I think the opportunities are large in all of these areas. Once challenge for the field is that each requires a different interface to other researchers, health practitioners and managers. That’s a lot for relatively few modelers to manage. How can we team up to be more effective?

Closing loops – practicalities

Hybrid models are the solution to blending endogenous elegance with practicality.

My last post probably sounds like I disagree with Jack Homer’s recommendation to tolerate some exogenous drivers and consideration of policy feasibility. Actually I don’t. In fact, we at Ventana probably do more data-intensive SD than anyone. I build hybrid models all the time.
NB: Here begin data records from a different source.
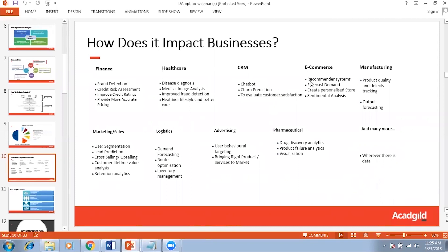Data analytics is generally used in e-commerce systems as well for recommendation systems. For example, when we go on Amazon and search for a mobile device and then leave the website, Amazon will show us different kinds of offers available on mobile phones. What they do is try to identify if the customer is interested in a particular product, and based on that they create specialized advertisements or offers shown when we log on to Amazon.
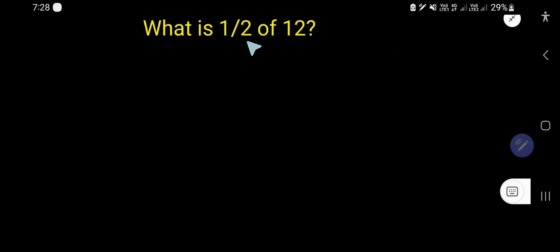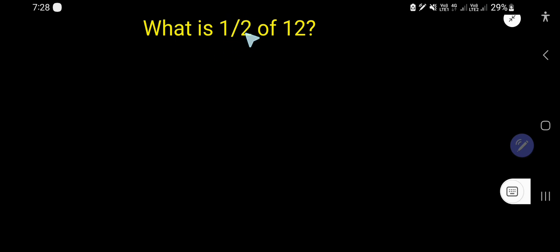What is half of 12? This is an example for finding a fraction of a number - that is, how to find a fraction of a whole number.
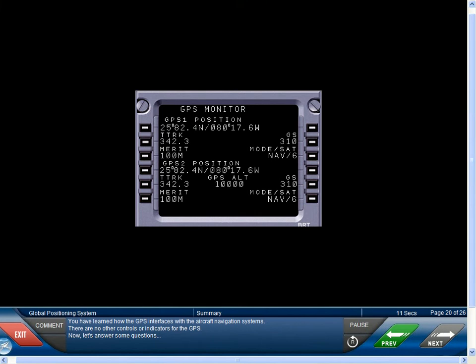You have learned how the GPS interfaces with the aircraft navigation systems. There are no other controls or indicators for the GPS. Now, let's answer some questions.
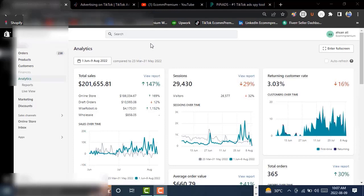Hello and welcome to Econ Premium. Today we are going to review the winning product strategy by using PPS or TikTok ads. Here you can see how we are making $200,000 plus in just three months.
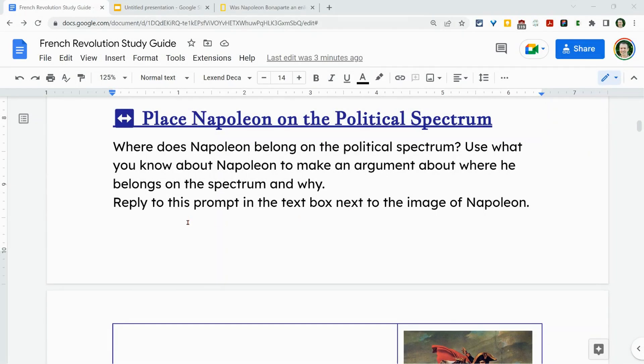Hi, I'm Tom Malini. I'm here today in Google Docs to talk about hyperlinks and anchor text. So let's say I want to add a link to an article to this study guide, so I'm going to go to the article.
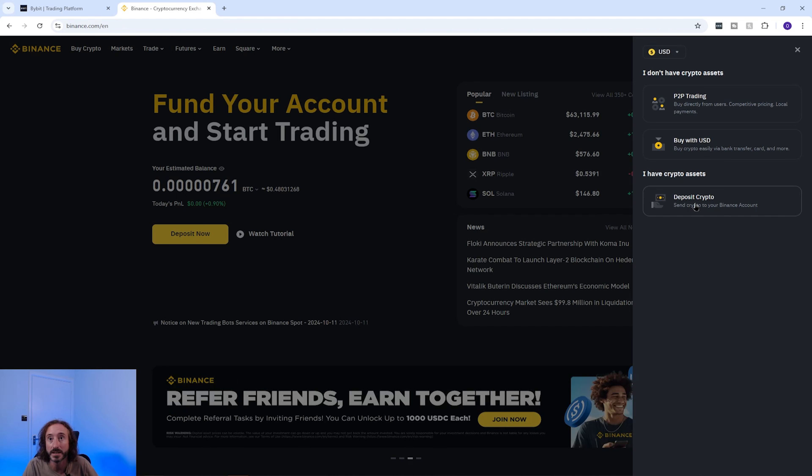Generally speaking, you can find the wallet address of where you are transferring your crypto to by going to the other exchange and looking for something along the lines of deposit or deposit crypto. If you want a tutorial for a specific exchange, I recommend checking out my channel as I have lots of videos explaining how to find a wallet address on loads of different exchanges.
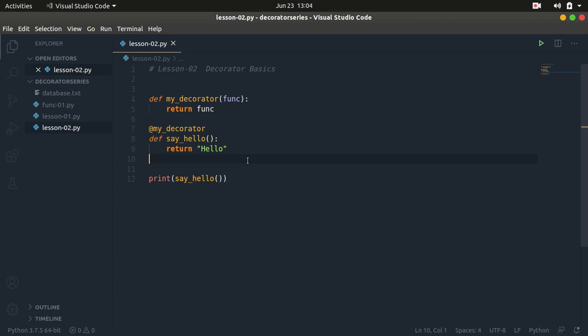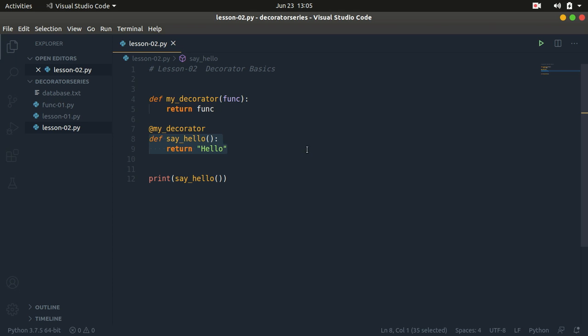The disadvantage of the at syntax is that you can't call the input function without having the decorator's modifications applied to it. The key takeaway: if you want to call the input function without any modifications, use the first method. If you want a standard setup with decorator modifications applied, use the at symbol. Most of the time you'll be using the at symbol. The next tutorial will cover how to actually modify the input function. Thanks for watching — please like, share, and subscribe.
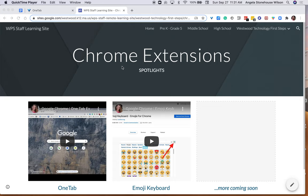The more extensions you have loaded on your toolbar, the slower your computer is going to run. So today I want to show you an easy way to turn them on and off so that your device is running at optimal speed.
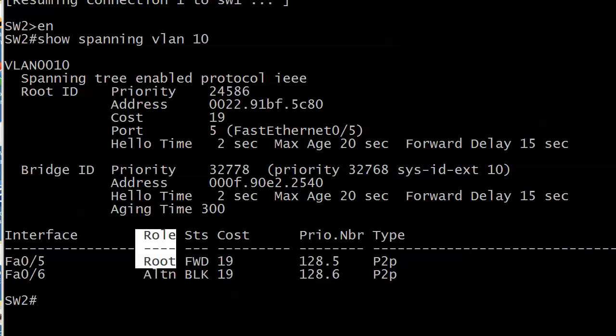That sounds odd — you might think if it's a root bridge, all of the ports are going to be roots. Actually, none of them are going to be. Because the root port is the one that leads to the root switch — that's how we get there from the local switch. Well, if the switch itself is the root, it doesn't need a root port to get to itself. You will only see root ports for a VLAN on non-root switches.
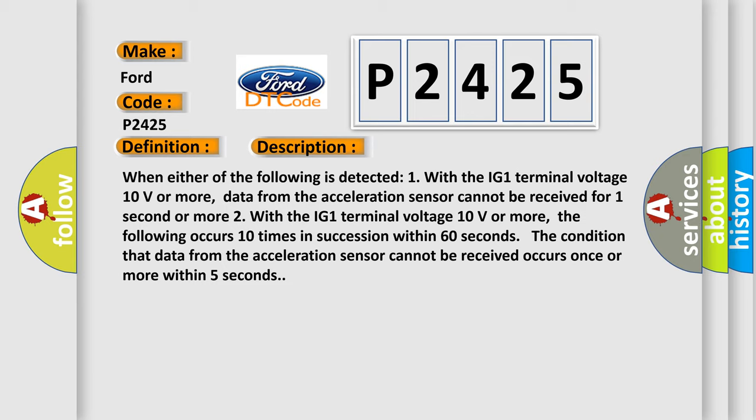the following occurs 10 times in succession within 60 seconds: The condition that data from the acceleration sensor cannot be received occurs once or more within 5 seconds.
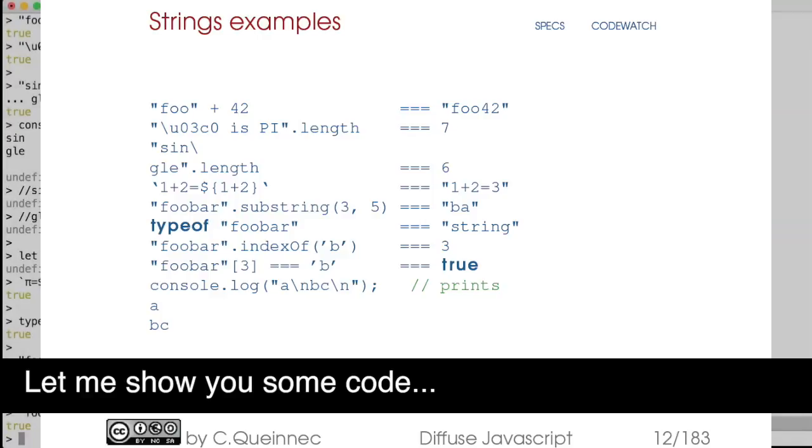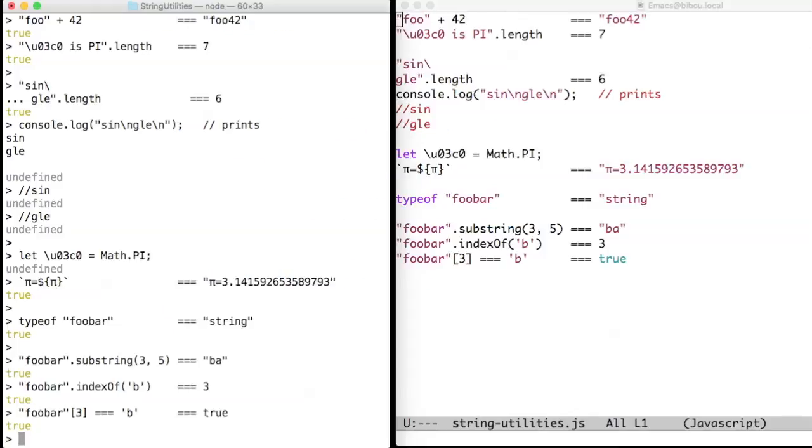Hi, let me show you some code, and this time around, strings. As you can see, the plus sign concatenates strings as soon as one of its operands is a string.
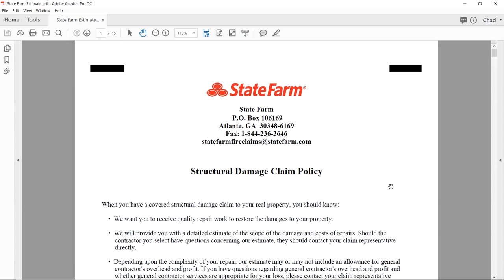If one of your clients gives you a copy of their insurance paperwork but they don't give you the cover letter, or they just give you the roof section — that's not going to help you. You need the whole thing. Let's go through this State Farm estimate. On the top cover page, I've redacted all the personal information, but this is pretty typical for most State Farm estimates — pretty templated information.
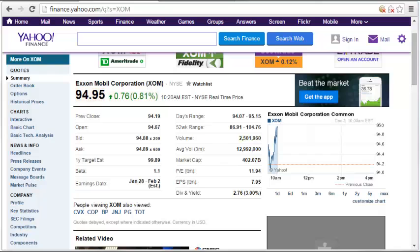Hello and welcome. In this video we'll take a look at how to use the Gordon Dividend Model to estimate the present value of a company's stock price, and also to use this to compute the rate of return required of a company's equity. First we'll write out the formula and then we'll apply it to ExxonMobil Corporation stock.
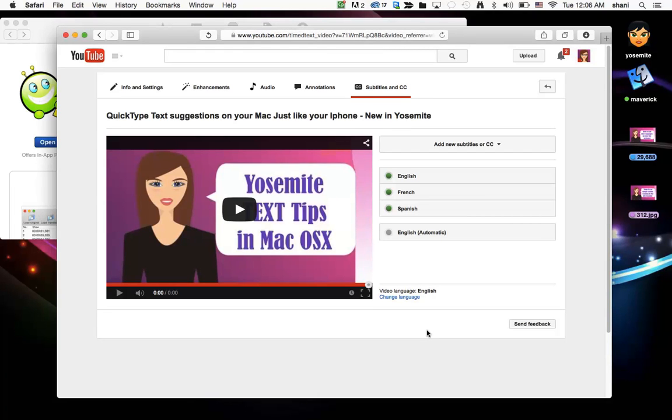Hi all, in today's video I'm going to show you an easy way to convert your subtitles on your YouTube videos to multiple languages.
When philosophizing about the best way to change the world, it’s easy to lose sight of some practical considerations that influence choices:

  • Cost. It’s expensive to develop an elegant, endogenous theory for things like interest rates that you might normally think of as exogenous to a firm. On the other hand, it’s also expensive to collect and use data – often 1/3 of project cost in our experience.
  • Clarity. Exogenous variables complicate the analysis of a model, because you have driven behavior on top of the model’s endogenous dynamics. I think this makes it harder to understand the basic behavior, because you lose the insight you might gain from starting a model in equilibrium and perturbing it with policies.
  • Calibration. On the other hand, using exogenous drivers increases your ability to gain insight from comparison of model behavior to data. This is not a definitive test, but you can definitely use it to estimate uncertain parameters and weed out certain dumb ideas.
  • Client. You have to meet people where they are. If, historically, they think R^2 is the definitive measure of success, you’d better deliver. You can explain why that’s a bad metric and present a more endogenous view of the situation later, after you’ve established trust.

I think there’s no clear answer – the extent to which endogenous or exogenous elements are preferred has to be a situation-specific decision. In my own work, I often use a two-pronged approach, and two ways to structure that have emerged:

  • Build a single, large, calibrated model with some exogenous drivers. Build endogenous submodels or metamodels for equilibrium experiments and to  explain key features of the big model.
  • Build a single, elegant endogenous model, with few drivers. Use smaller exogenous models, or statistical and machine learning tools, to understand local features of the data, incorporating those insights into the endogenous model without using the data directly.